Review image, commit, target, arguments, environment, health policy, and the exact target ID. Do not continue if the displayed target is not release A.

Execute and verify

reaperci deploys rollback 18 --target-id 17 --confirm

Approve the new rollback deployment as a human when the environment is protected. Confirm the health gate passes, live inspection reports release A's image, the public application behavior is restored, and the audit log attributes both request and approval. If another release changed the target after review, ReaperCI rejects the stale confirmation; inspect and compare again.

Automatic rollback

Set autoRollback: true with a meaningful health check. Before a Compose change, ReaperCI must capture a complete running snapshot with an immutable sha256: image ID for every service; otherwise it fails the deployment before mutation. A failed release queues the captured single-container or Compose image snapshot automatically.
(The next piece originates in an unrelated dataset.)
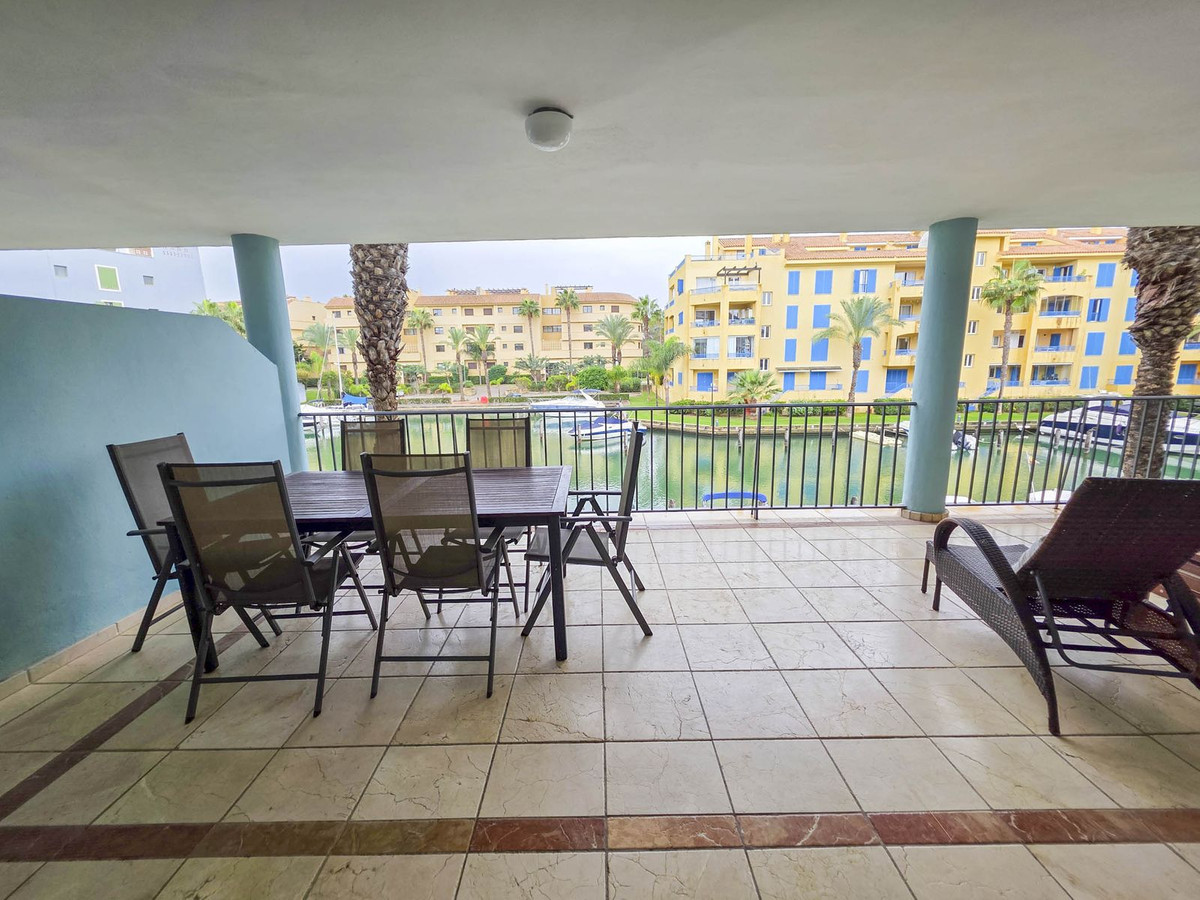 3 Bed, 2 Bath, ApartmentFor Sale, Sotogrande Marina, Cadiz 3 Bed, 2 Bath, ApartmentFor Sale, Sotogrande Marina, Cadiz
Compose rollback uses a temporary override with --no-build --pull never, so the previous images must still exist on the target. Protected- environment policy still applies. Automatic rollback does not reverse application database migrations. Use an application-specific compatible schema strategy or a separately reviewed data recovery plan.

Record drill date, release IDs, response time, health evidence, application verification, and any manual step. A rollback button that has not been exercised against the real server is not a release gate.